Sunday, June 16, 2013

Bloomsday Meets Father's Day: Very Special Year for the Das

Bloomsday—June 16, the date on which the whole of James Joyce's Ulysses is set—and Father's Day intersect every decade or so, making it a special day of remembering and honoring those Irish dads out there, which would include my clan: Grandpa, Dad, and bro.

Grandpa O'Neill:
He would come to visit our house in Massapequa in the summer fairly often. We had a lovely backyard patio where we would sit together before dinner during the stillest part of the day, early evening. The sun had gone done a bit and it was cool but the breezes had stopped (memorialized by Hoagy Carmichael and Johnny Mercer as “In the Cool, Cool, Cool of the Evening"). He would inevitably look out on the grounds and say, “This is the best time to put down fertilizer.”

Grandpa didn’t have an easy life. A second generation Brooklyn Irish, he had to leave school after the 6th grade to work to help support the family. He got a job in the mailroom of Con Edison, when the Irish ruled it straight out, and he worked there for 50 years. He had an excellent memory, and it allowed him to advance unhindered by his lack of formal education.

That his sons went to college and got advanced degrees---a lawyer and a CPA—was an enormous accomplishment, something which my dad always thought he didn't entirely appreciate, it was so beyond his experience. Grandpa was absolutely no saint—few Irishmen are—but that doesn’t diminish the sweat and pain and heartache of raising 5 children through the Depression and World War II and all that followed, along with a first son who died a tragic death in infancy, and a foster child who was taken away by the agency to go to a richer family even as he was trying to adopt her.

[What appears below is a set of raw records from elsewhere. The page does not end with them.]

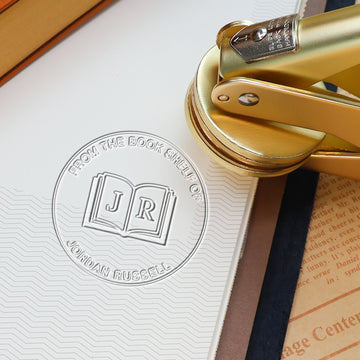 Sello en Seco de Libro con Iniciales Personalizadas Sello en Seco de Libro con Iniciales Personalizadas171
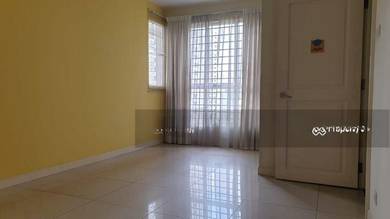 Kiaramas Cendana, 5 Bedrooms &amp; 4 Bathrooms, Partially Furnished @ KL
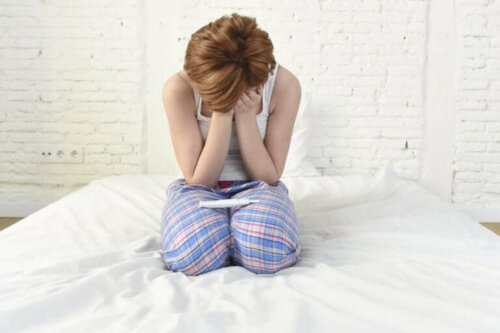 Une femme triste sur son lit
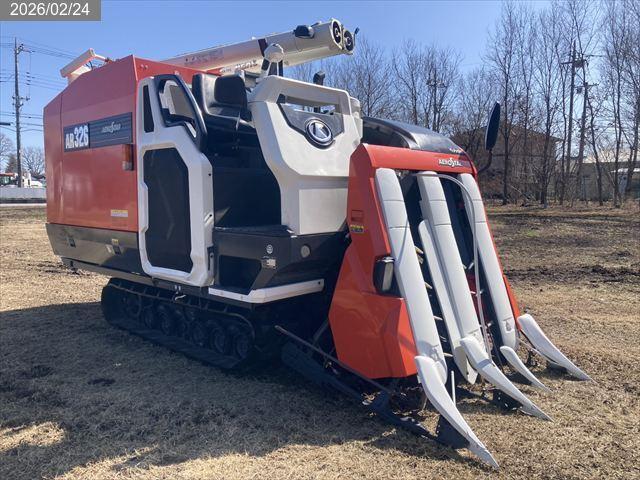 クボタ コンバイン 写真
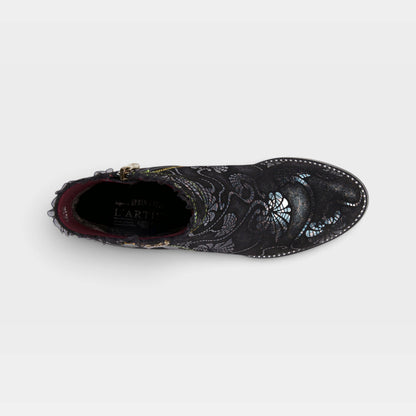 L'ARTISTE DESSA BOOTIE
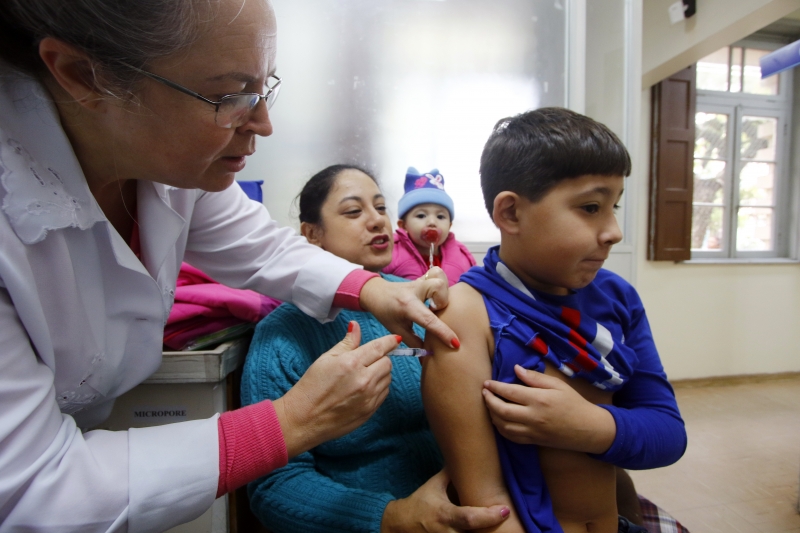 Campanha começou com foco na vacinação de crianças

And so I found it poignant that in his last years, he was freed to worry about the best time to use the “spreader” to put down Scots Turf Builder, sitting on his son’s patio.

Dad O'Neill: I’ve written about his untimely death and my discovery of his teen bonding with the French language. He has been gone for so long that I don't have any more memories of his actual presence, which I guess is what happens.

I love this picture of him at the family farm in Merrick, Long Island. My grandmother had tired of Brooklyn and thought she wanted life in the country, and so they went. (They didn't stay long.) I think dad looks like a James Cagney tot here, or the character Peck's bad boy. He may be dressed in shorts, but don't cross him, 'cos he'll punch you.

So today my memory is of one of his catchphrases.

When there was a situation that happened that he didn't agree with, he would say, “A thing of beauty is a joy forever” in the most sardonic way. Yes, Dad invoked the opening lines of Keats’s Endymion as social comment. (And see, he didn't hold being English against Keats.) He was a very special man. Also no saint.

Bro O'Neill: A dad himself. I imagine he tried to correct mistakes that our dad made with us. And I imagine he's made a slew of new ones with his own kids. So goes the cycle of life.

(Updated post from 2010).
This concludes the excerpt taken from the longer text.